Trump orders US government economists to change the way they calculate trade deficits to make them seem larger than they are. Trade Representative officials comply — but also complain. Here, the border crossing at Nuevo Laredo across the Rio Grande from Texas in January.
“U.S. President Donald Trump’s administration is mulling changes to how it calculates U.S. trade deficits
in a way that would likely help bolster political arguments to renegotiate key trade deals,
the Wall Street Journal reported on Sunday, citing people involved in the discussions.
The main idea being discussed is whether to exclude “re-exports” from the calculation of U.S. exports, sources told the newspaper.
Re-exports refer to goods that are imported into the United States, then transferred to another country.
Trump has been highly critical of trade deals including the North American Free Trade Agreement (NAFTA) with Mexico and Canada.
By using a metric that widens the trade deficit, it could give him political leverage to make sweeping changes, the paper reported.
If the government adopted the new method, the deficit with Mexico would be nearly twice as high.
The Journal reported that career government employees at the U.S. Trade Representative’s (USTR) office
objected to a request to prepare data using the new methodology.

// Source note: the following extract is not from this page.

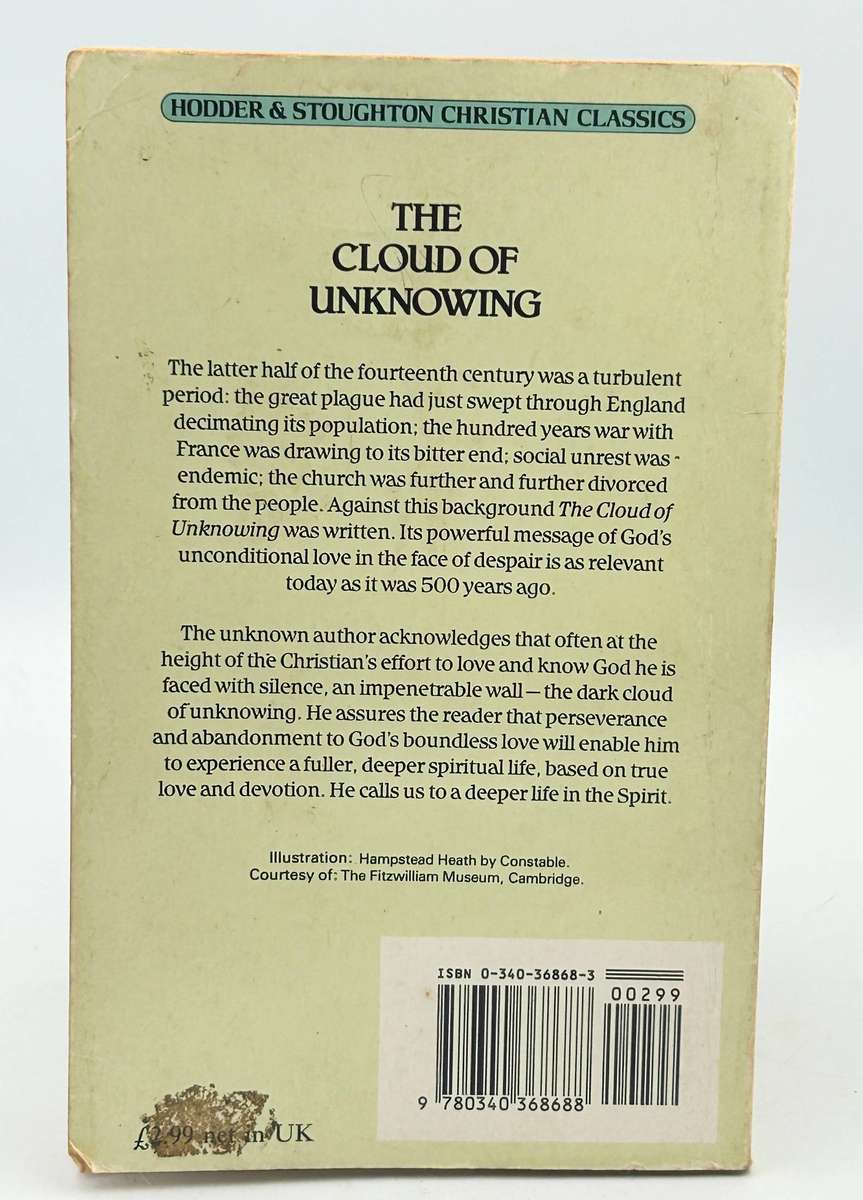 The Cloud of Unknowing ~ A New Paraphrase| Edited by Halcyon C. Backhouse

Although they complied with the request, the newspaper reported, the staffers explained why they disagreed with the approach.
In a statement to the newspaper, the office of the U.S. Trade Representative’s deputy chief of staff, Payne Griffin, said
officials there are not close to a decision yet on whether to adopt a new approach.
“We had a meeting with the Commerce Department, and we said,
‘Would it be possible to collect those other statistics?'” he was quoted as saying.”